Standard Terms of Business

Platinum Graphics  (PG), Standard Terms and Conditions of Business (Terms), Client (You) All work undertaken by PG is subject to these Terms which the Client is deemed to accept upon instructing PG to undertake work of any nature. Any changes we make to our Terms  in the future will be posted on this page and, where appropriate, notified to you by email. Please check back frequently to see any updates or changes to our Terms. These Terms are effective from 1 January 2018.


‘Client’ means the person giving instructions to PG. ‘Contract’ or ‘contract/project’ means each and every contract between PG and Client on these Terms as a result of the PG accepting Client’s instructions.

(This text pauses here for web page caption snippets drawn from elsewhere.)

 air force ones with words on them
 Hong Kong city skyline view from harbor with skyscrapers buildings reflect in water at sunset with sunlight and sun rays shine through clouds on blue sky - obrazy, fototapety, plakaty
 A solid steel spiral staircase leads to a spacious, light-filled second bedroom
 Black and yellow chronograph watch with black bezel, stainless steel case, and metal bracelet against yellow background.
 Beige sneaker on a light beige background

2.1 Where PG has submitted a quotation to Client this quotation will be open for acceptance for period of time stated in the quotation but PG shall by notice be entitled to withdraw the quotation at any time.
2.2 Certain work is undertaken on the understanding that the quotation provided is an estimate only and that the final amount payable will be calculated upon ascertaining the amount of work involved.

3.Client Approvals

3.1 On Client approval of proofs Client warrants that the written and visual content of the material produced by PG is correct, that it conforms with Client's specification and requirements and that it complies with all relevant legislation and regulations. Client approval of proofs will be PG’s authority to publish or supply finished materials.
3.2  If Client wishes to change, reject, defer, cancel or stop all or any work-in-hand or intended to be put in-hand PG will take all reasonable steps to comply provided it can do so within its contractual obligations to media, suppliers and other third parties. Client shall indemnify PG for all resulting losses, liabilities and claims suffered by PG, pay PG fees and reimburse expenses up to such time.
3.3 Where PG supplies artwork either in digital form or hard copy, it is Client’s responsibility to approve final artwork. PG accepts no liability for errors arising after delivery of artwork to Client or at Client’s instructions after processing by PG.

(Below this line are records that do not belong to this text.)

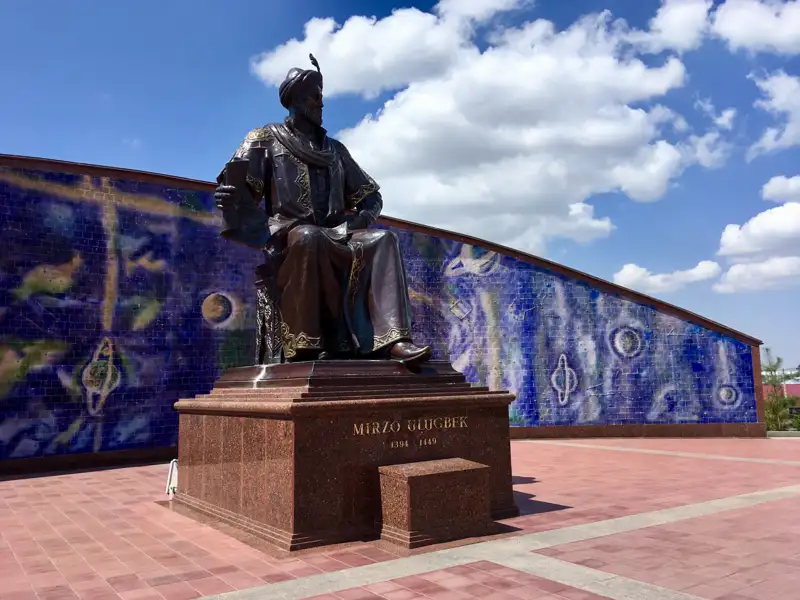 Statue von Mirzo Ulugbek mit einem blauen Mosaik im Hintergrund.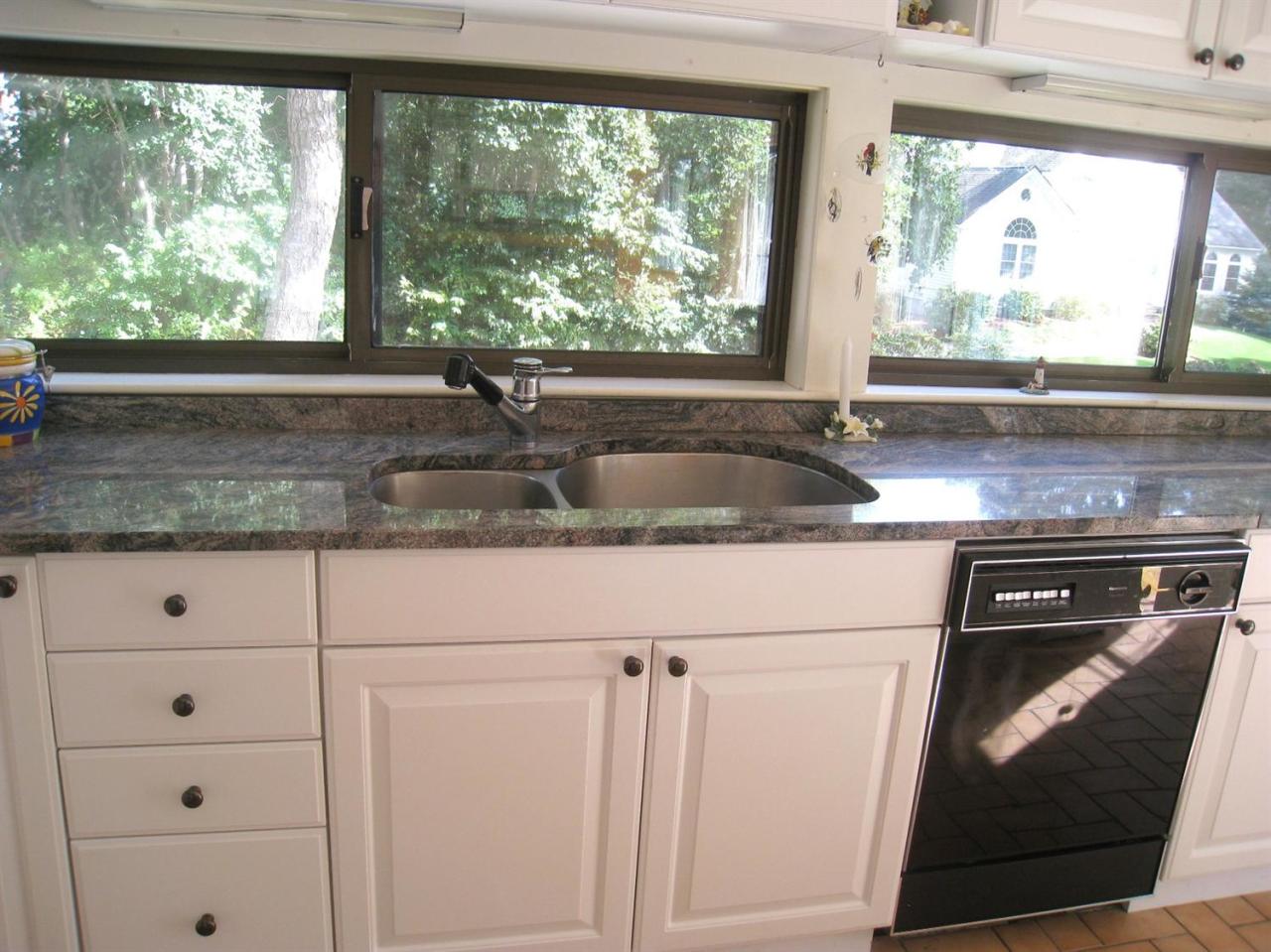 72 Clam Shell Point Lane Cotuit, MA 02635 - Photo 8 of 35 a kitchen with granite countertop a sink and a window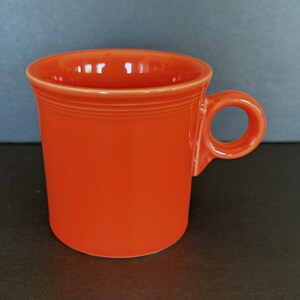 Könnte beinhalten: Eine leuchtend orangefarbene Keramik-Tasse mit einem abgerundeten Henkel. Die Tasse hat eine zylindrische Form mit einem leicht ausgestellten Rand und einer glatten, glänzenden Oberfläche. Die Tasse ist einfarbig leuchtend orange.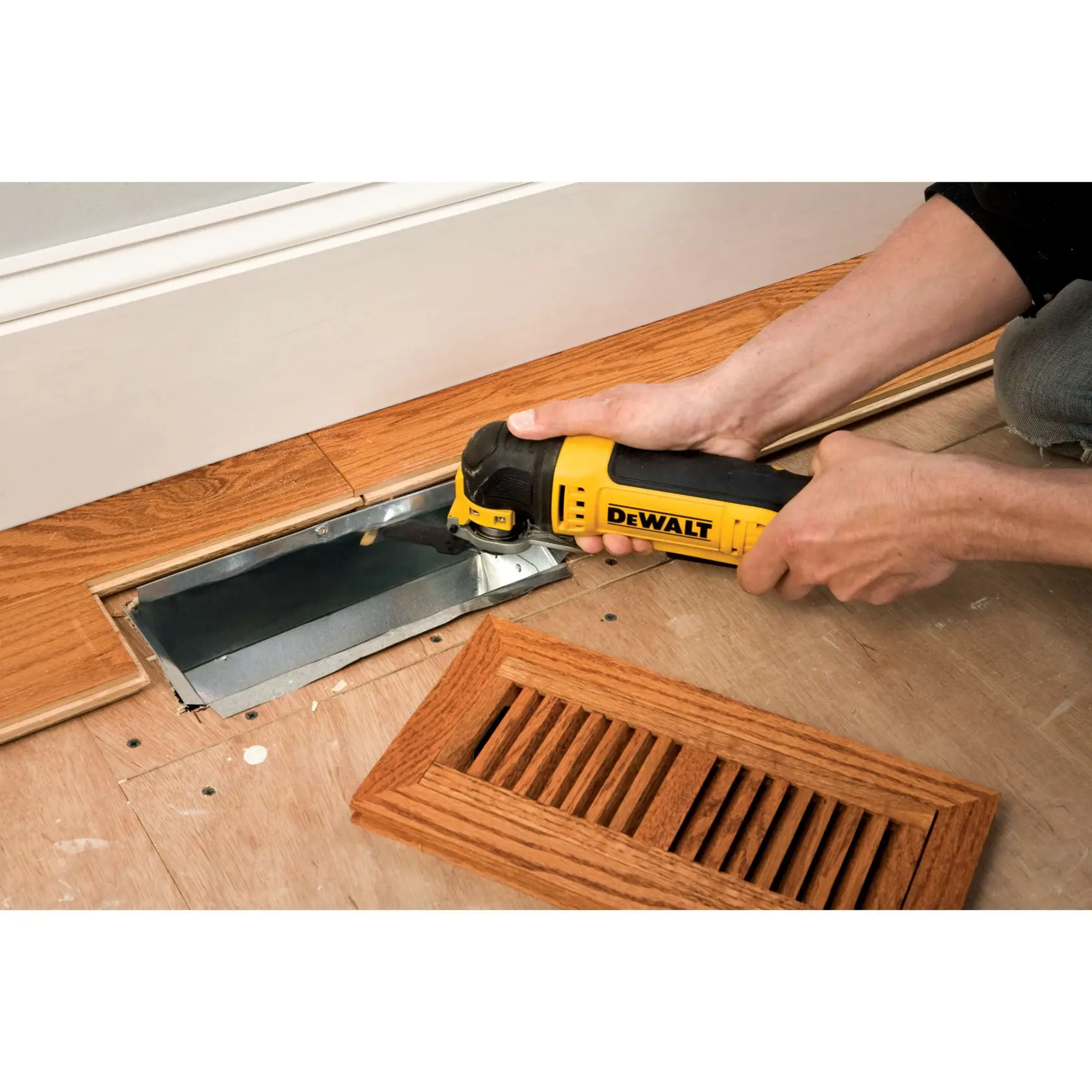 DEWALT DT20702 tool used to cut wood floor near a vent opening, wood vent cover is placed beside.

4.1 Client may, subject to payment of all fees and expenses due or becoming due in respect of work done or committed to be done, terminate the contract/project upon giving the length of notice specified in any special written terms, but not otherwise. If no length of notice is specified in any special written terms the period of notice shall be 30 days.

5.Terms of Payment

5.1 PG will invoice Client monthly or at agreed stages of completion or less frequent intervals as it may decide in respect of all or any work other than Media Services undertaken up to the date of all the invoice and/or in respect of expenses incurred or to be incurred by PG. Payment is due 30 days from the date of the invoice, or as otherwise provided for in these Terms or stated in the invoice or agreed by PG in writing.
5.2 PG will require payment in advance prior to mailing or postage costs for direct mail and PG will not release mailing until payment by client is cleared. Client will pay PG within 7 days of date of invoice for contractual payments made by PG in advance of commencement of work by a supplier unless otherwise agreed.
5.3 Amounts payable by Client will be subject to value added tax at the applicable rate. Client’s responsibility for VAT is not affected by any omission of VAT from a quotation or invoice.
5.4 All accounts remaining unpaid by the due dates will incur a charge to interest at 3% per annum above The Bank of England plc base rate from time to time, accruing daily.   This clause is without prejudice to any other rights and remedies that PG may have.
5.5 A ll payments due to be made in respect of any invoice rendered by PG to Client shall be made without deduction, legal or equitable set off or counterclaim.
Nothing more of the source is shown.